## Listed records
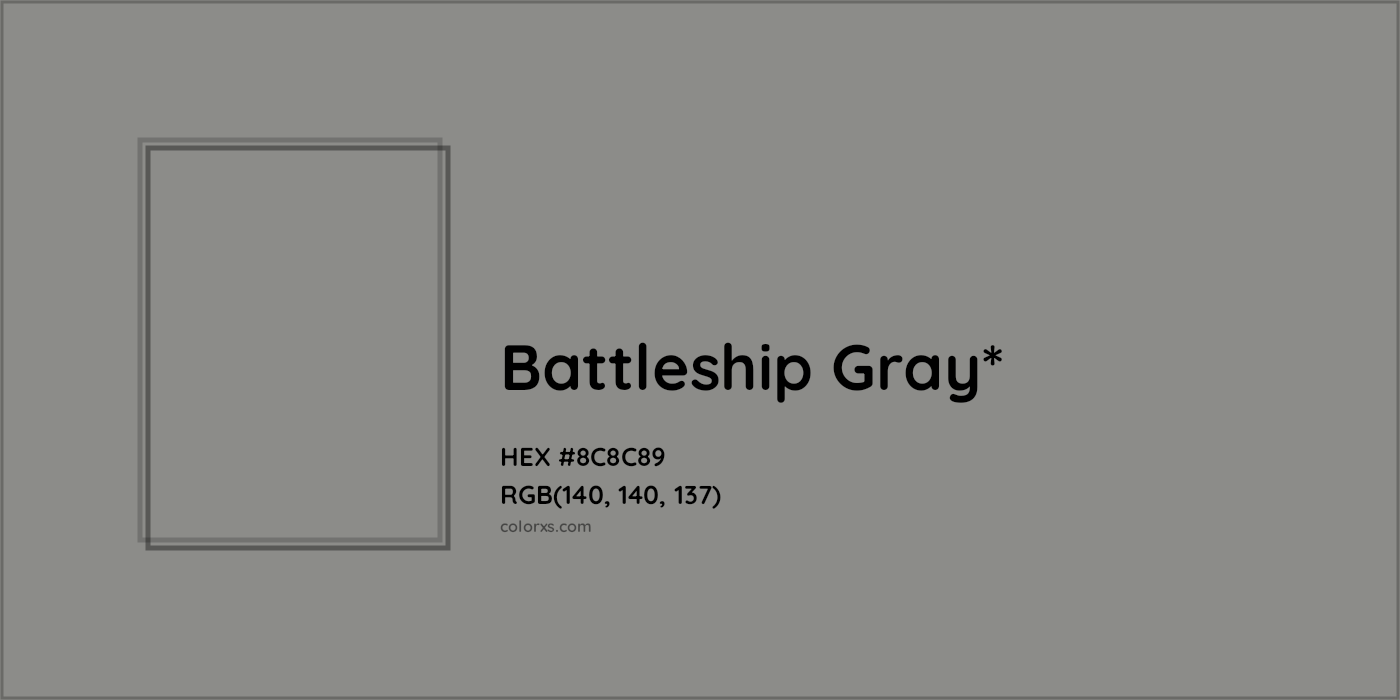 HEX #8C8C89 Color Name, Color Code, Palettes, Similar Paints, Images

...

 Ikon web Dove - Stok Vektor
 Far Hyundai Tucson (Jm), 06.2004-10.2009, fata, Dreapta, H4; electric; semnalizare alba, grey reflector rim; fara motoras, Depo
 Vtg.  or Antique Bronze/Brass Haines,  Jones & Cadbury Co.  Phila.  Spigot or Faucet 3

---

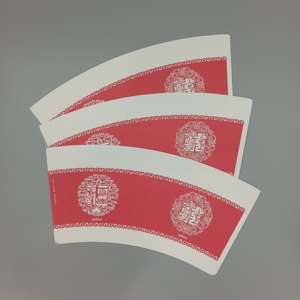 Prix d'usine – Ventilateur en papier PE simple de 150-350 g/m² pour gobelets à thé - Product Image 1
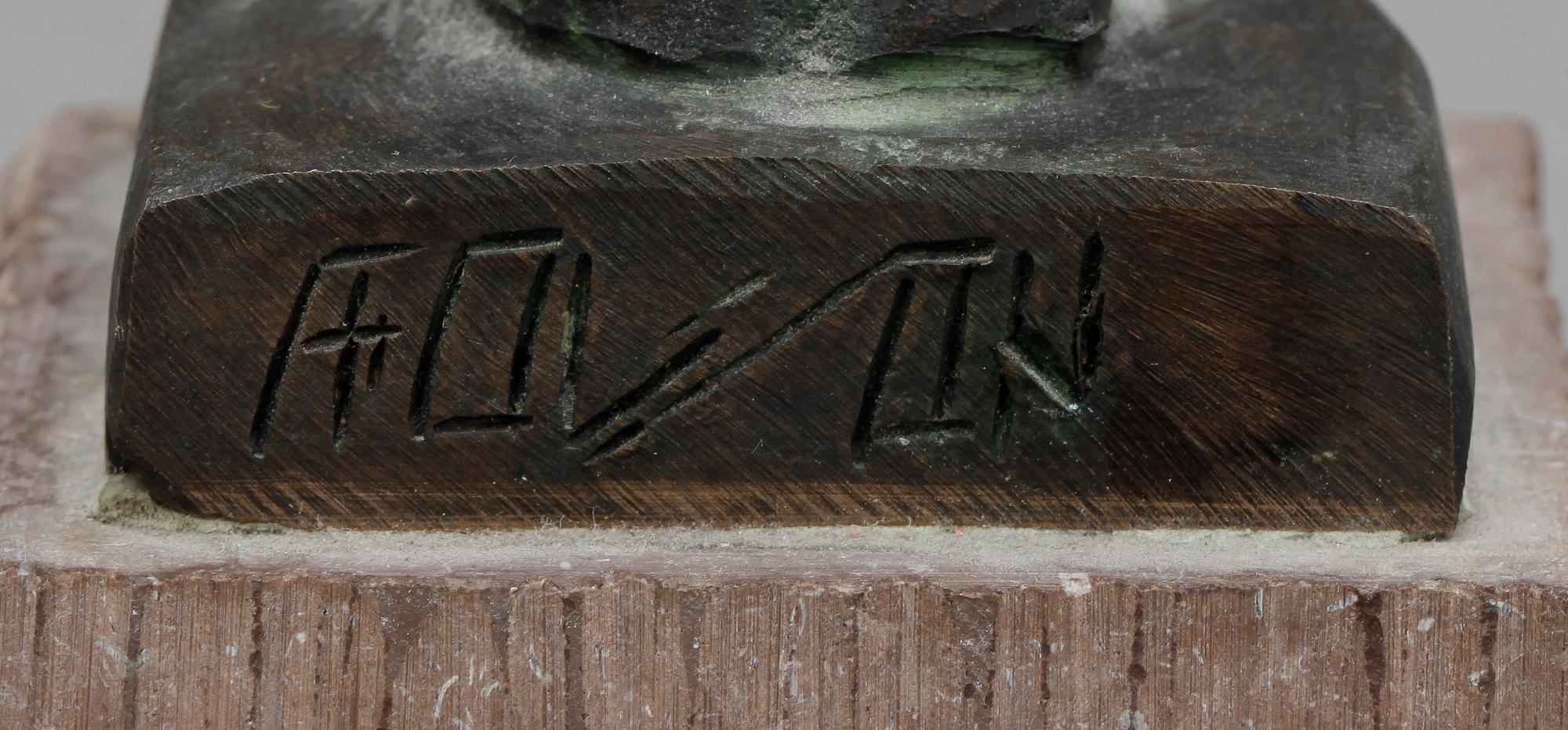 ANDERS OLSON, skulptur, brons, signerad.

## Brief
An exact copy of the lines above between the line holding "Ikon web Dove - Stok Vektor" and the line holding "or Faucet 3", inclusive, is the whole answer.

## Output below
 Ikon web Dove - Stok Vektor
 Far Hyundai Tucson (Jm), 06.2004-10.2009, fata, Dreapta, H4; electric; semnalizare alba, grey reflector rim; fara motoras, Depo
 Vtg.  or Antique Bronze/Brass Haines,  Jones & Cadbury Co.  Phila.  Spigot or Faucet 3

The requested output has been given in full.